═════ Source material
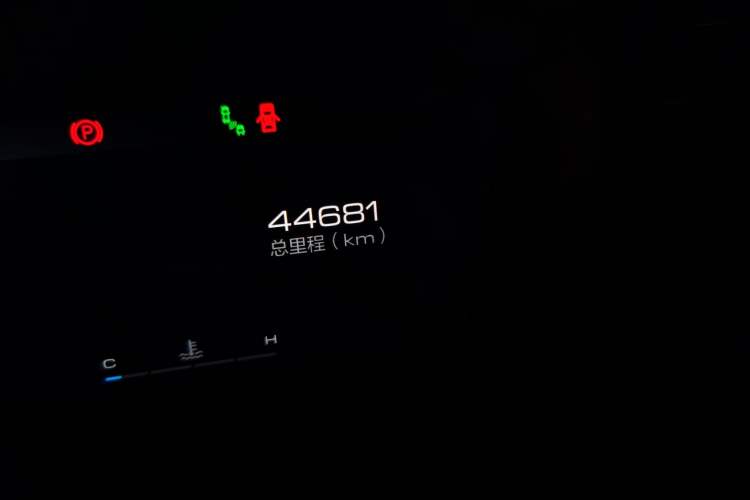 Used Wey Mocha 2021 2.0T Two-Wheel-Drive Ultra-Strong Version
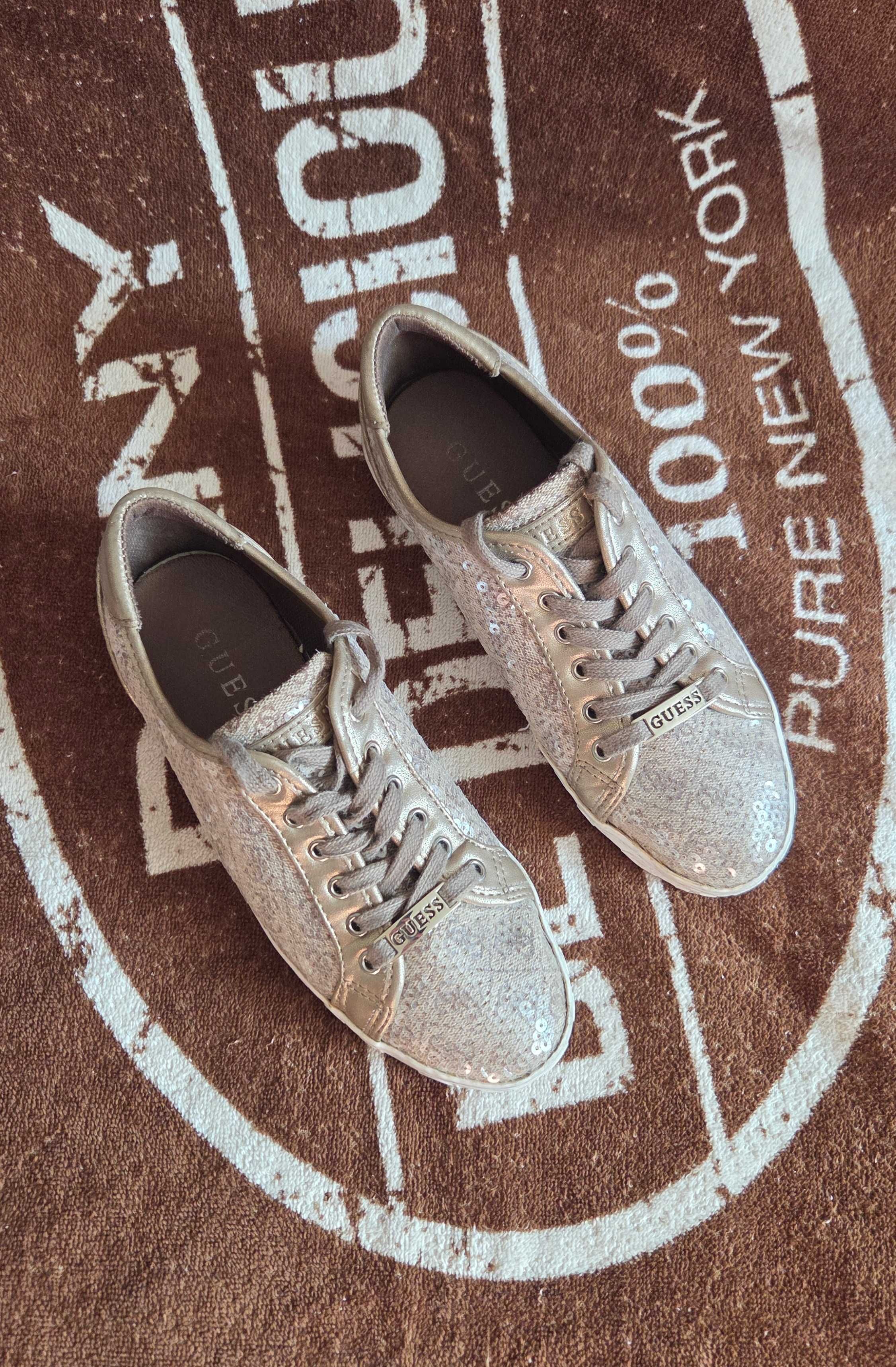 Buty sneakersy damskie tenisówki Guess 38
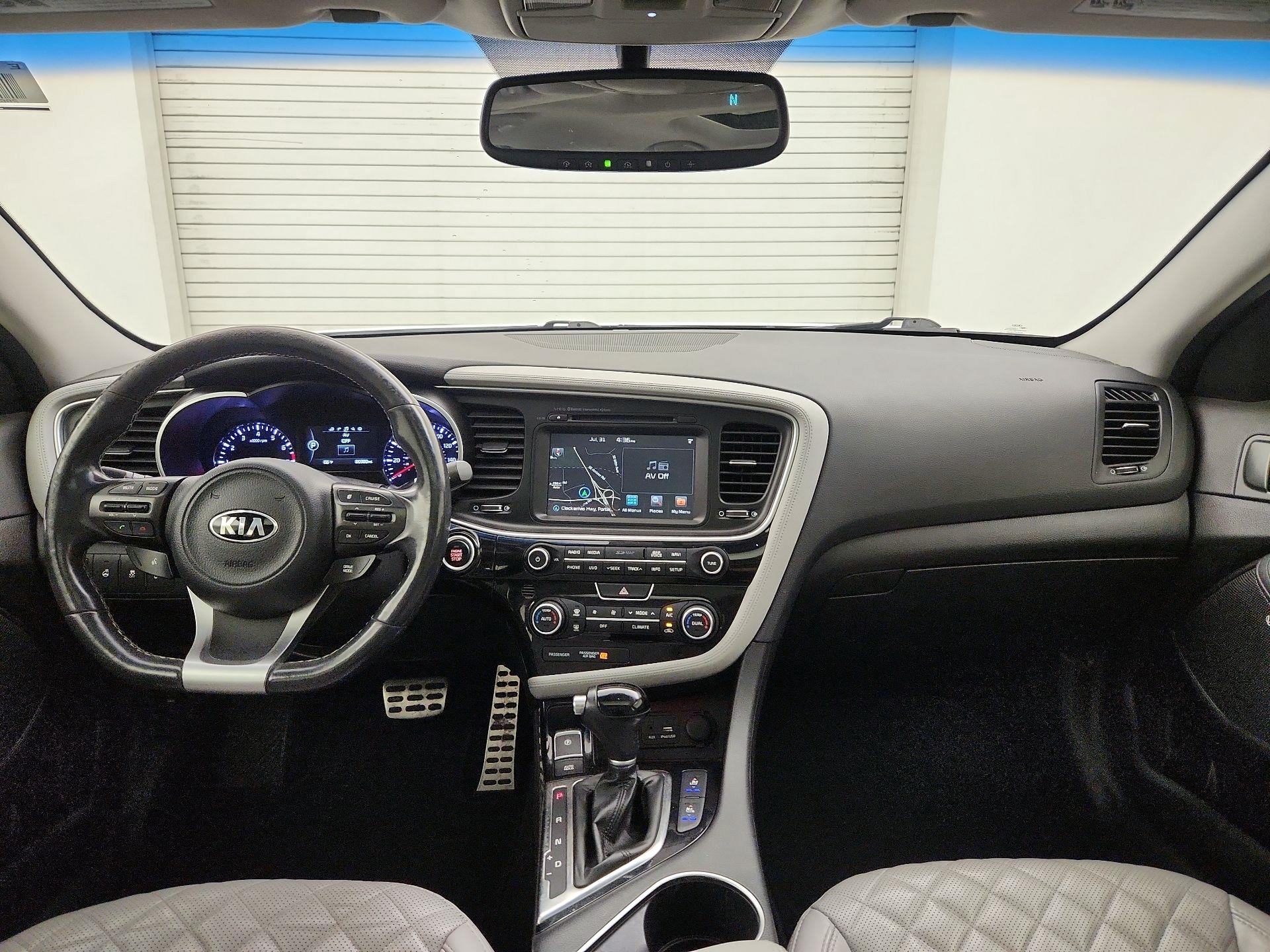 Thumbnail: 2015 Kia Optima - 9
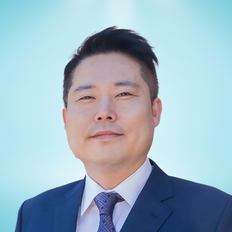 AIO Real Estate - Lawrence Jung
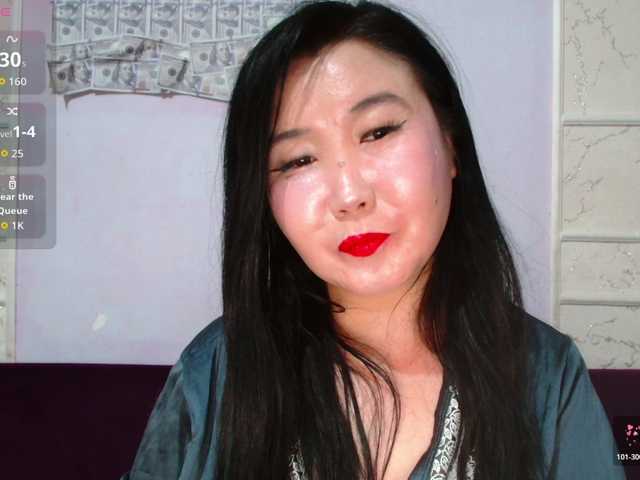 Bet-Lu's BongaCams show and profile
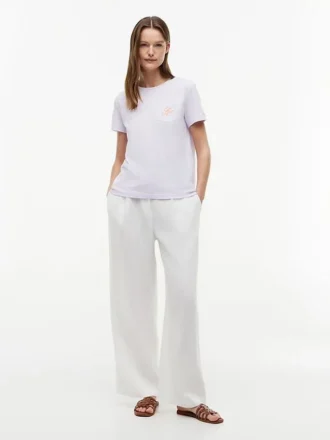 T-shirt med monogram i skriptstil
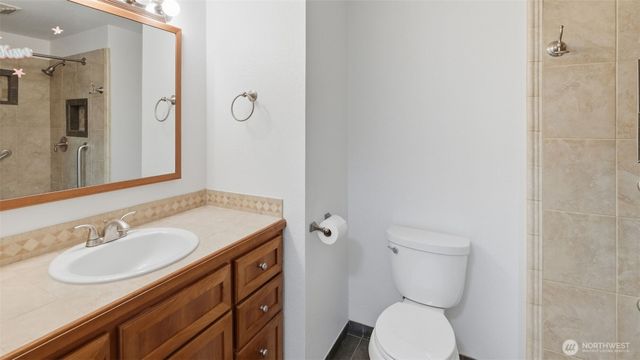 20122 32nd Avenue W, Lynnwood, WA 98036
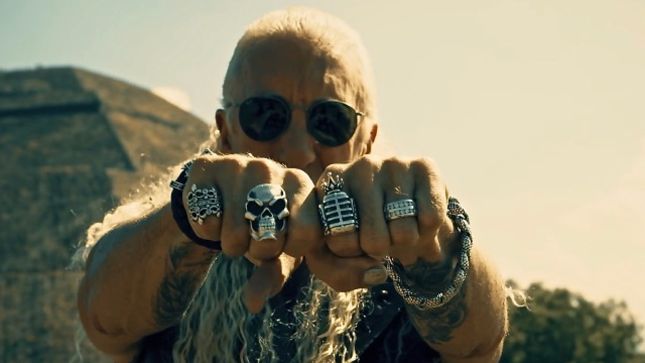 TWISTED SISTER Frontman DEE SNIDER - "I Am Finishing The Final Draft Of My First Fiction Novel"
══════════
__Task requirements__: Only exact repeats of the lines from the one containing "Buty sneakersy damskie tenisówki Guess 38" through the end of the listing above are wanted here; pictures are not.

__Problem solution__:
 Buty sneakersy damskie tenisówki Guess 38
 Thumbnail: 2015 Kia Optima - 9
 AIO Real Estate - Lawrence Jung
 Bet-Lu's BongaCams show and profile
 T-shirt med monogram i skriptstil
 20122 32nd Avenue W, Lynnwood, WA 98036
 TWISTED SISTER Frontman DEE SNIDER - "I Am Finishing The Final Draft Of My First Fiction Novel"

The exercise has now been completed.